After another rainout that cancelled newcomer Ishii's first start as a Met yesterday, we were left with more time to neurotically chew over the questions about Pedro's stiff lower back and antagonise ourselves with memories of how only two weeks ago we were told Trachsel's back pain was part of the normal aches and pains of spring before his season was binned by an MRI that showed a herniation.

One cannot help but harken back to the winter's acquisitions when controversy raged about paying a physically delicate and aging pitcher such a king's ransom to defect to our side.
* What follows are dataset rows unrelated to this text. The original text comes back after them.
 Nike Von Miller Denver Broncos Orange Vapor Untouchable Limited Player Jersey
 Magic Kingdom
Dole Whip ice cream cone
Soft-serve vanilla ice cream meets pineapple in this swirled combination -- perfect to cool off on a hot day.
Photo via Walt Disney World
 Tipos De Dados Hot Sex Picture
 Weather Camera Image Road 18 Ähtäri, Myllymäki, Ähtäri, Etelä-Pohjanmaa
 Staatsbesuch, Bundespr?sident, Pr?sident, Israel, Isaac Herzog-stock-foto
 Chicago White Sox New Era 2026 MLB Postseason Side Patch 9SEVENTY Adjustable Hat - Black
Pedro's aches and pains and stiffness are something we're going to have to get used to quickly rather than becoming hysterical at every occurance with premonitions of a once-optimistic season burnt to ashes before we've even had time to savour the potential of it.

What we are juggling with at this stage, now that Omar has put the touches on our optimism with galactic free agent signings, is whether or not we can allow ourselves to believe in the fate of the Mets being good or if we will resume the gloom and doom struggle of the past several seasons where everything that can go wrong will go wrong.
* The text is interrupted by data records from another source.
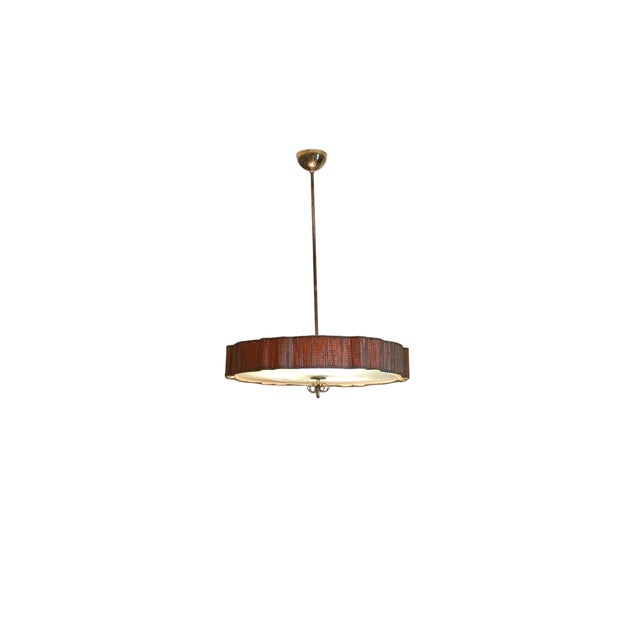 Mid-Century Modern Pendant Lamp by Paavo Tynell & Kyllikki Salmenhaara, 1940s For Sale - Image 3 of 18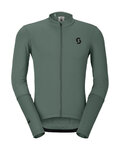 SCOTT Cycling summer long sleeve jersey - ENDURANCE - green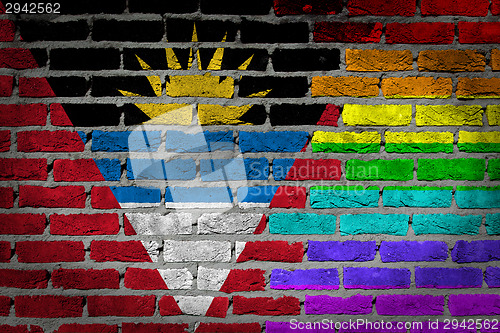 Image of Dark brick wall - LGBT rights - Antigua and Barbuda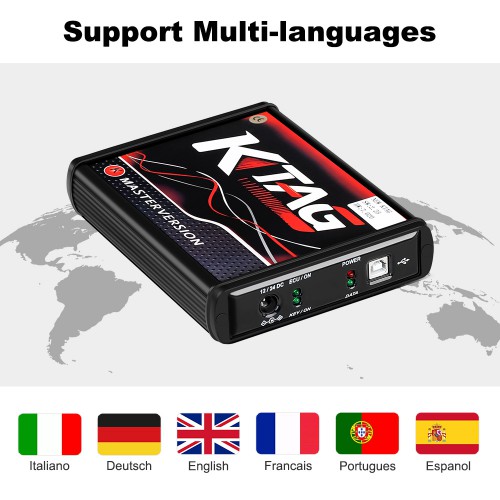EU Version Rot PCB New 4LED KTAG 7.020 Firmware Latest V2.25 No Token Limited Multi-Language Online Version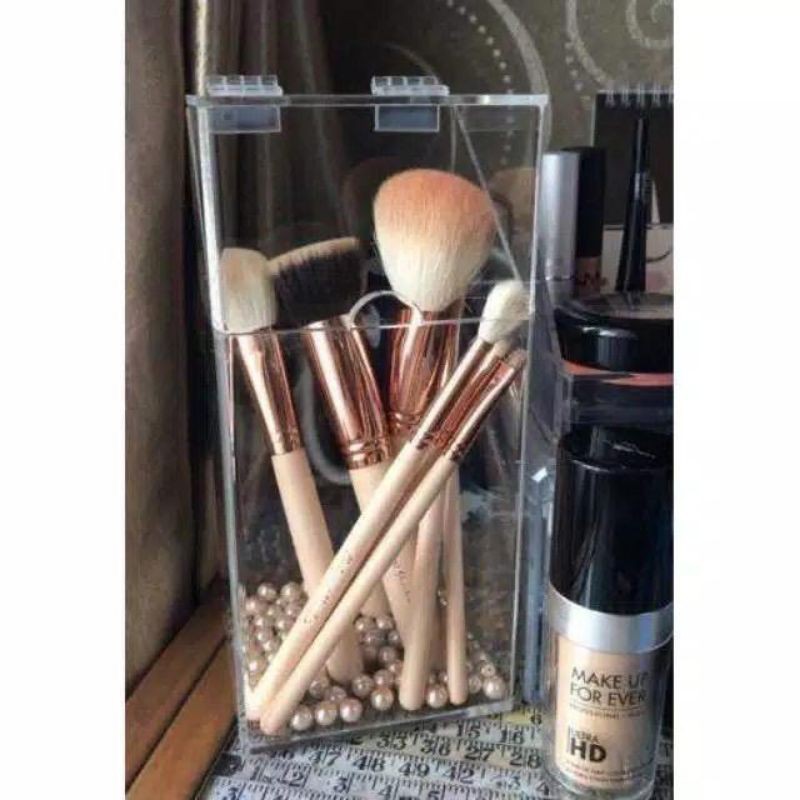 Acrylic tempat brush x mini , akrilik brush , brush organizers , brush holder acrylic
What Nietsche wrote in The Will to Power might prove worth pondering as we rummage through our fears about the season:

"The question is in the end whether we really recognize the will as efficient, whether we believe in the causality of the will: if we do--and at bottom our faith in this is nothing less than our faith in causality itself--then we have to make the experiment of positing causality of the will hypothetically as the only one. "Will," of course, can affect only "will"--and not "matter" (not "nerves," for example). In short, one has to risk the hypothesis whether will does not affect will wherever "effects" are recognized--and whether all mechanical occurrences are not, insofar as a force is active in them, will force, effects of will."

Can we then "will" the Mets to their success or might this collective angst, waiting for the penny to drop on a season's demise with one fateful injury produce enough negativity of will to actually bring the season to it's knees before it even begins?

And if the fears about the rotation weren't serious enough, there are the disturbing questions about the bullpen which continue to haunt us.

As short-handed and limited in talent as the Mets are in the bullpen, that pronounced weakness become more pronounced with the mild strain of the right calf of reliever Mike DeJean. DeJean slept with his lower leg immobilized Thursday night and wore a sleeve on his calf Friday, but he might not pitch again until early next week.

"Obviously, if we don't make progress in the next couple of days, [the DL] would be a pretty good guess," DeJean said. "I think the most important thing is to get rest."

In a way, you could be reminded of the woes of the Cubs who have had their two aces in Prior and Wood suffer spring training injuries and then watched their closer go down to injury as well.

And as the questions of the bullpen grow like dark clouds on the horizan, I can't help but wonder why Ugbeth Urbina is being considered in a possible trade.

The best Urbina could hope for on the Mets would be the role of a set up man and yet, it is precisely this limitation that had Urbina wanting to be traded in the first place once Detroit signed Troy Percival this offseason to do their closing. Granted, perhaps Met closer Brandon Looper's spot as closer for the Mets isn't as cemented as Percival's is with Detroit, especially in light of his bulbous ERA this spring, but it isn't as though the Mets have been auditioning closers the last month.

Oddly, Urbina has already battled Looper once for the closer's role, so perhaps this is what makes him so wildly enthusiastic about coming to the Mets. Two years ago, for the Florida Marlins, Urbina replaced Looper as closer and perhaps this precedent is something we should take notice of as once that change took place, coincidentally or not, the Marlins ended up the season as World Champions.

So for the time being, let's not get hysterical about Pedro's back even if the precedent of Trachsel is so fresh in our minds.

Let's look at this in a less fearful light so that our collective optimism might overcome the dark realities of potential disaster.

Weather permitting, it appears Pedro will pitch again Tuesday and is still on schedule to pitch Opening Day, after which we can all pinch ourselves and grow giddy with relief thinking how silly we were to doubt.

Of course, that won't solve the bullpen woes but we can only address one fatal flaw at a time. For now, let's all will the Pedro to full strength and let the season take its own course until the full head of steam it was meant to power itself finally gathers us into its embrace with fate.